Both Marx and Schumpeter believed that capitalism could not be sustained. For Marx, capitalism will reach a crisis brought about by overaccumulation, a crisis characterised by intensified exploitation of workers, a large increase in routine work, and the dramatic fall in the costs of production. A new social order, based on collaborative social principles, would be the inevitable result. For Schumpeter, there is a limit ultimately to total output and creative destruction will be unable to break through this. This will lead to a stagnation of the market and the end of capitalism (Yun, 2015).
Both Marx and Schumpeter argue for the emancipatory significance of the dissolution of capitalism and the promise of a new social order (Adler, 1990, 2001).
More recently, other economists have highlighted the transformational capacities of new technology.
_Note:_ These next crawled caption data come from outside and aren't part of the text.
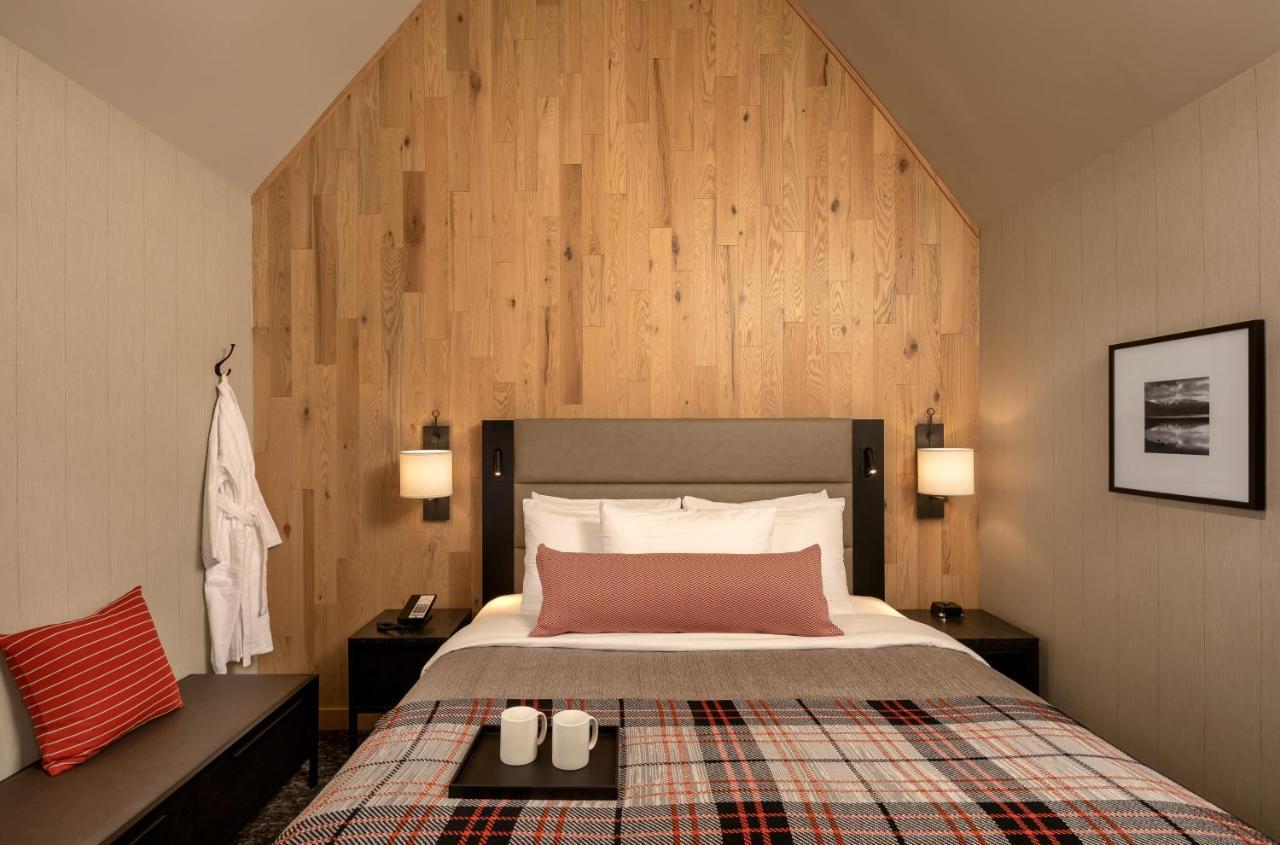 באנף Peaks Hotel And Suites מראה חיצוני תמונה
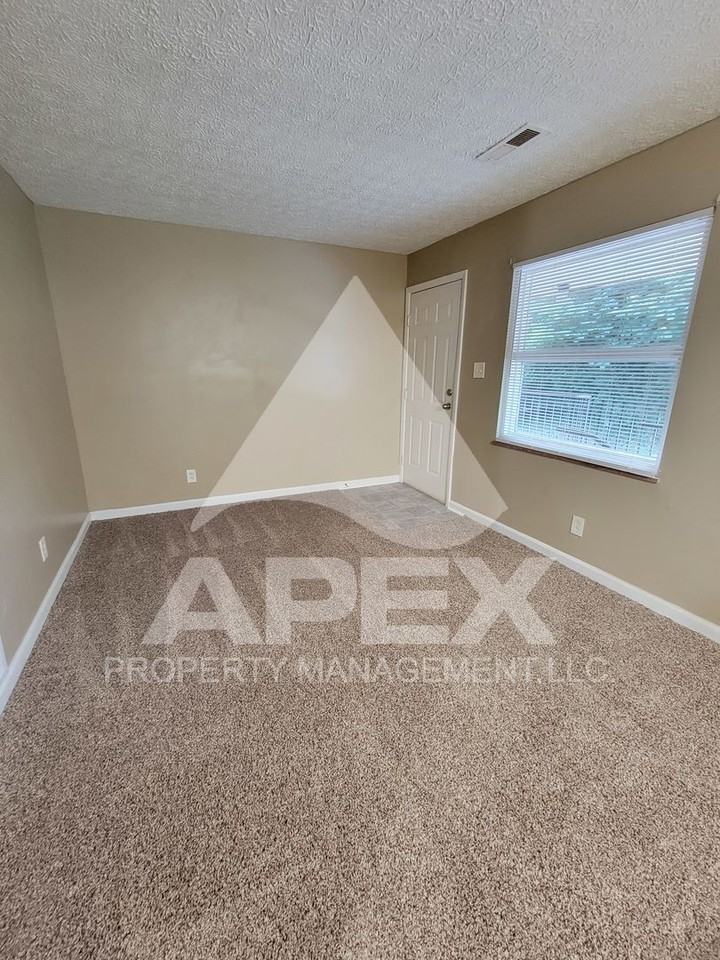 220 Ogle Ave #6 - Photo 4 of 13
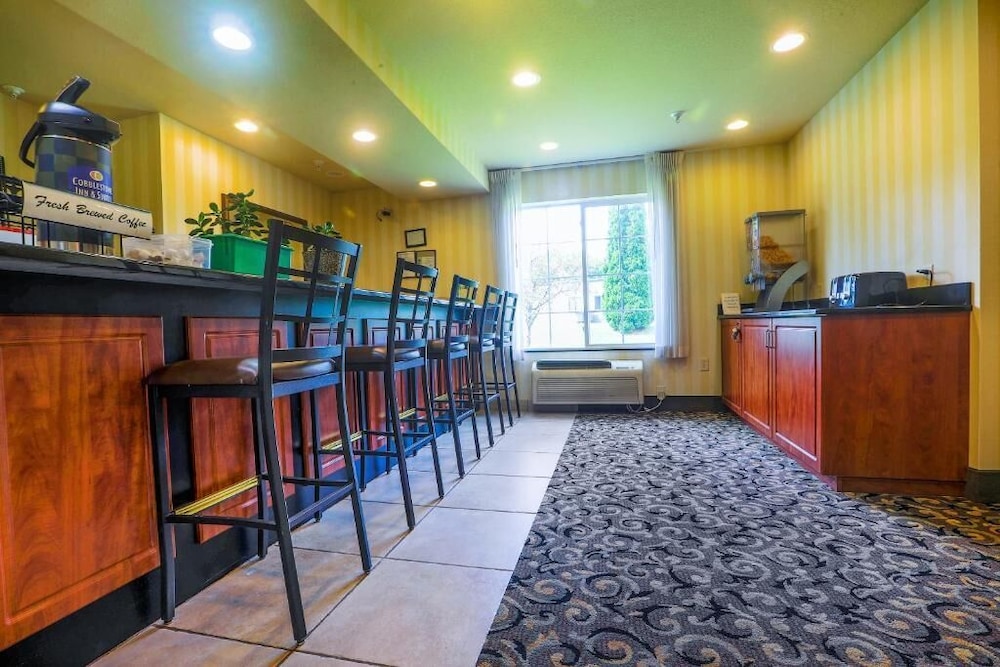 The Evansville Inn - photo 6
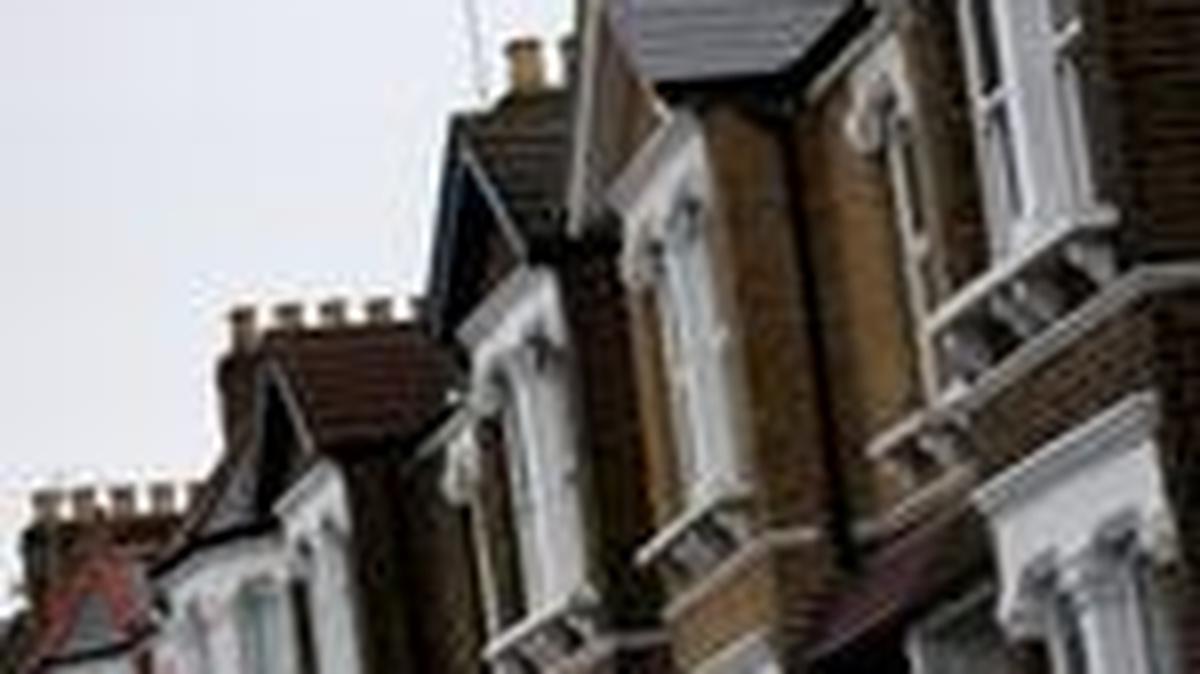 A view of a row of residential houses in London, Britain, January 23, 2025. REUTERS/Hannah McKay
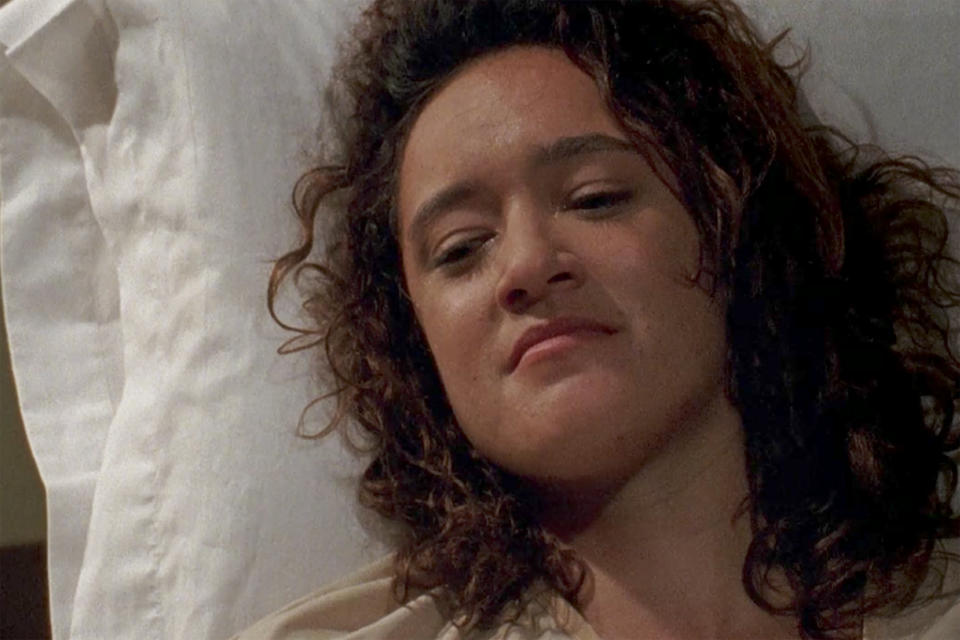 Joan (Keisha Castle-Hughes)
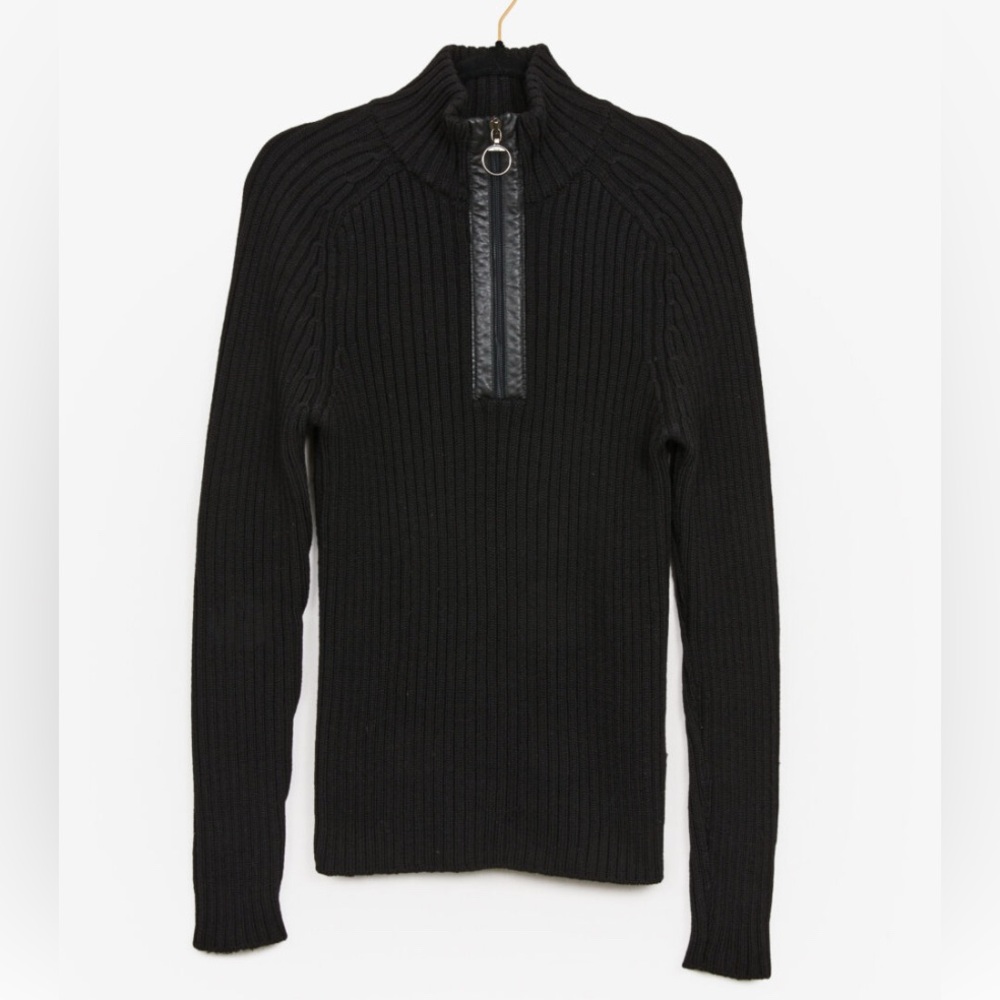 Prada 100% Wool half zip sweater L (48)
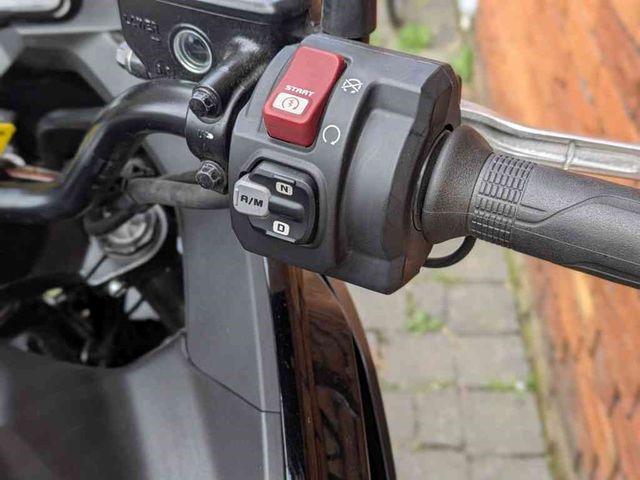 honda - nc-750-x-dct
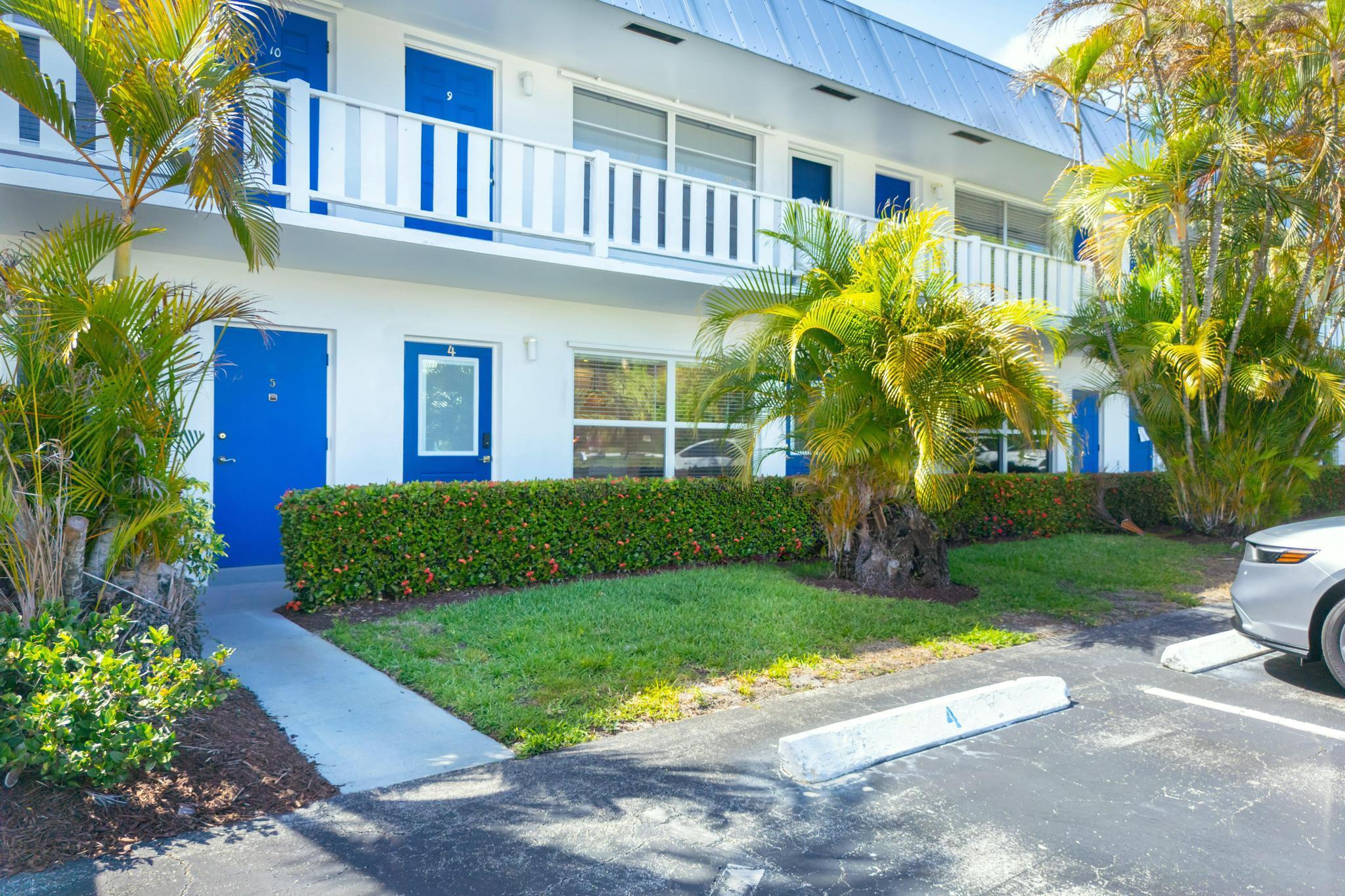 2929 Se Ocean Boulevard E4 Property Photo 29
For example, Rifkin (2011) and Piketty (2014) both predicted the decline of the labour force, rising inequalities between elite skilled workers and the vast majority who will be unemployed, and a completely changed working week. Their solution is a newsocial contract, with the development of a networked society based on mutual cooperation and not run-on capitalist lines.
Calls for the social contract to be recalibrated have emerged in response to the increasing pervasiveness of digital technology. The notion of the social contract has a long history, rooted in classic liberal philosophical tradition, including notably Hobbes (2012/1651), Kant (1999/1797), Locke (1987/1689), and Rousseau (1973/1762), and more recently in the work of contractarians such as Nozick (1974), Rawls (1971), and Scanlon (1998). Thought there is significant variation between forms of social contract in the literature, a common thread is that the social contract is viewed as a necessary mechanism to establish fairness of outcomes and social cohesion within a population. In economic versions of social contracts, the nation state is at the heart of any social contract (McCandless et al., 2018). Social contracts establish the set of reciprocal obligations between the state and other key constituencies (Muggah et al., 2012), primary among them are capital and labour.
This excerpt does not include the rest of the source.